Русское слово «точка», происходит от корня «точь» с уменьшительным суффиксом. По действию корень «точь» связан с процессом ткачества. Однокоренные слова «точка», «ткнуть», «точно» и «ткань» открывают нам интуицию взаимосвязи нулевой размерностью прокола и связанного с ним разворачивания размерного пространства ткани. Причем эта аналогия распространяется не только на «ткань пространства», но и на «ткань человеческой судьбы», не даром в мифологии богини судьбы: норны, фаты, мойры – ткачихи.

Однако можно сказать, что в корне: «тк (тч)», буква «к» также является уменьшительным суффиксом, тогда фактически в слове «точка» идет как бы два одинаковых уменьшительных суффикса со смыслом что-то вроде «точнехохонько или «точь в точь». Так языковыми приемами хотелось показать уменьшающуюся точность точки.

В итоге у нас остается только корневая буква «т», за которой скрывается указательное местоимение: «тъ» (то, те, та, ты) с тыканьем указательного пальца в нужную сторону. Это же местоимение «тъ» стало участвовать и в словообразовании глагола.

«Глагольное окончание «ть» генетически происходит от указательно-местоименного члена, который, присоединяясь к глагольной форме, придавал ей значение определенности, тогда как формы без этого окончания выступали как неопределенные» (Историческая грамматика русского языка, с.322).

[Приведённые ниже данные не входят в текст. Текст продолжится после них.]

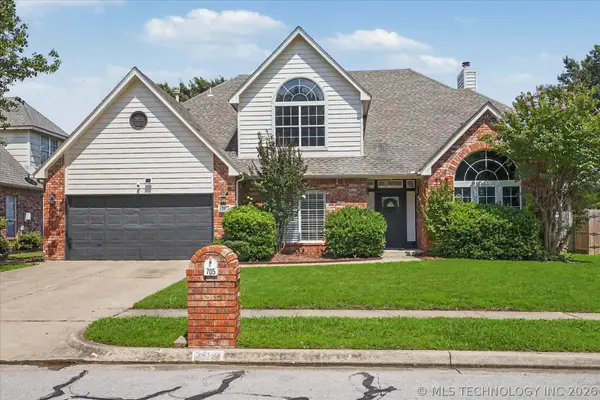705 N Aster Avenue, Broken Arrow, OK 74012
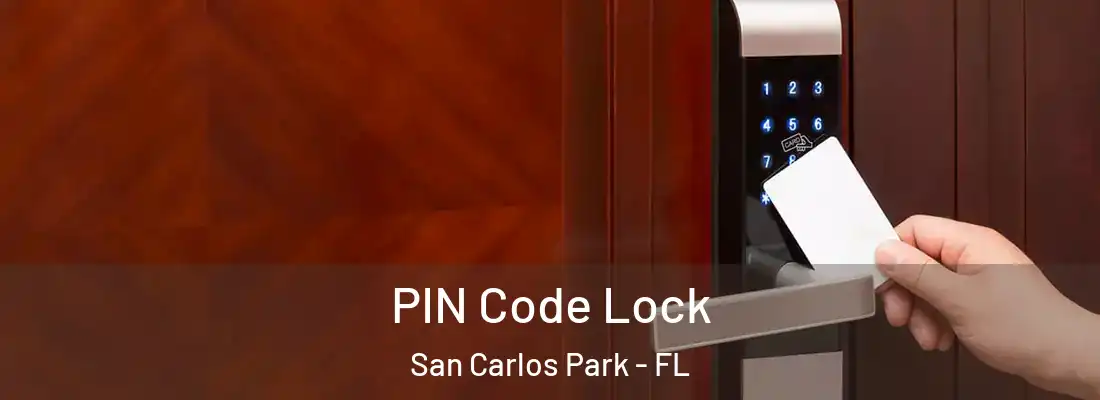 PIN Code Lock San Carlos Park - FL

К этому же указательному местоимению восходят и англо-немецкие определенные артикли: «the» и «das», что соответствует русскому слову «то».

Тоже происхождение имеет и греческое «to» местоимение и артикль среднего рода или английское «it – оно». Даже в китайском языке показатель прямого дополнения звучит как «дэ» и имеет значение «должно», которое впоследствии развилось в философские понятия «Дао» и «Дэ».

Сюда же относится и предлог прямого дополнения в иврите אֶת (эт). Эта частица ставится именно в том случае если дополнение четко определено, т.е. если оно точно известно.

В санскрите «ат» – это указательно-местоименная частица со значением «идти, очень, сверх».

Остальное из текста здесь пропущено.